Agora’s report reminds its readers that, in the early 1990s, the term “mask show,” meaning a police search carried out with backup from masked and armed special forces soldiers, came into common usage. Such searches were an effective means of coercing business partners and business rivals alike. Subsequently, the tool came to be used against the regime’s political opponents.

Recently, the practice of “serial” searches has been widespread. Thus, according to Leonid Volkov, head of Alexei Navalny’s presidential election campaign, police have raided the offices of the Anti-Corruption Foundation and Navalny’s regional campaign offices no less than 150 times. Police have raided the offices of Mikhail Khodorkovsky’s Open Russia around fifty times over three years. Agrora’s analysts note the most frequent targets of large-scale, systematic searches have been members of opposition organizations and Crimean Tatars.
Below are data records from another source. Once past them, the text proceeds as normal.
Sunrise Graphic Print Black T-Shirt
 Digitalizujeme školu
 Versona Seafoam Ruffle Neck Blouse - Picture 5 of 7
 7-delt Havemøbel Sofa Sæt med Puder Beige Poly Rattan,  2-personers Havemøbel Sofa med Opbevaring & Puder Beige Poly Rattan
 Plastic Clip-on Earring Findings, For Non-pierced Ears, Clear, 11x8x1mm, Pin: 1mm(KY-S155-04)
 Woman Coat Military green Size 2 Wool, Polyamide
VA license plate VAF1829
Another goal of police searches is the confiscation of electronic devices and subsequent unauthorized access to personal data, correspondence, and social media accounts. For example, during a June 2012 search of Alexei Navalny’s home, police seized a laptop, tablet computers, and mobile phone. Two weeks later, Navalny’s email and Twitter account were hacked.

In recent years, as Agora’s report underscores, police searches have been a vital element of campaigns against not only political opponents but also government officials. State-controlled national TV channels extensively covered searches in the homes of ex-regional governors Alexander Khoroshavin and Vyacheslav Gayzer, Federal Customs Service chief Andrei Belyaninov, and members of the Dagestani government.

Pavel Chikov, head of Agora, says they took an interest in the numbers of police searches after analyzing the state of privacy of correspondence and telephone conversations. If we recall that, on average, the courts have approved 98.35% of wiretapping warrants, we must admit judicial oversight in this area is illusory, and there is no privacy in Russia, claims Chikov.

Expanding the remit of law enforcement agencies to ever broader areas of daily life has transformed searches from investigative tools to signals broadcast by the regime and received by everyone involved in politics, government, and business, concurs political scientist Mikhail Vinogradov.

“What matters nowadays is not the outcome, but the search per se. We have been seeing an increased number of searches whose point is just that,” says Vinogradov.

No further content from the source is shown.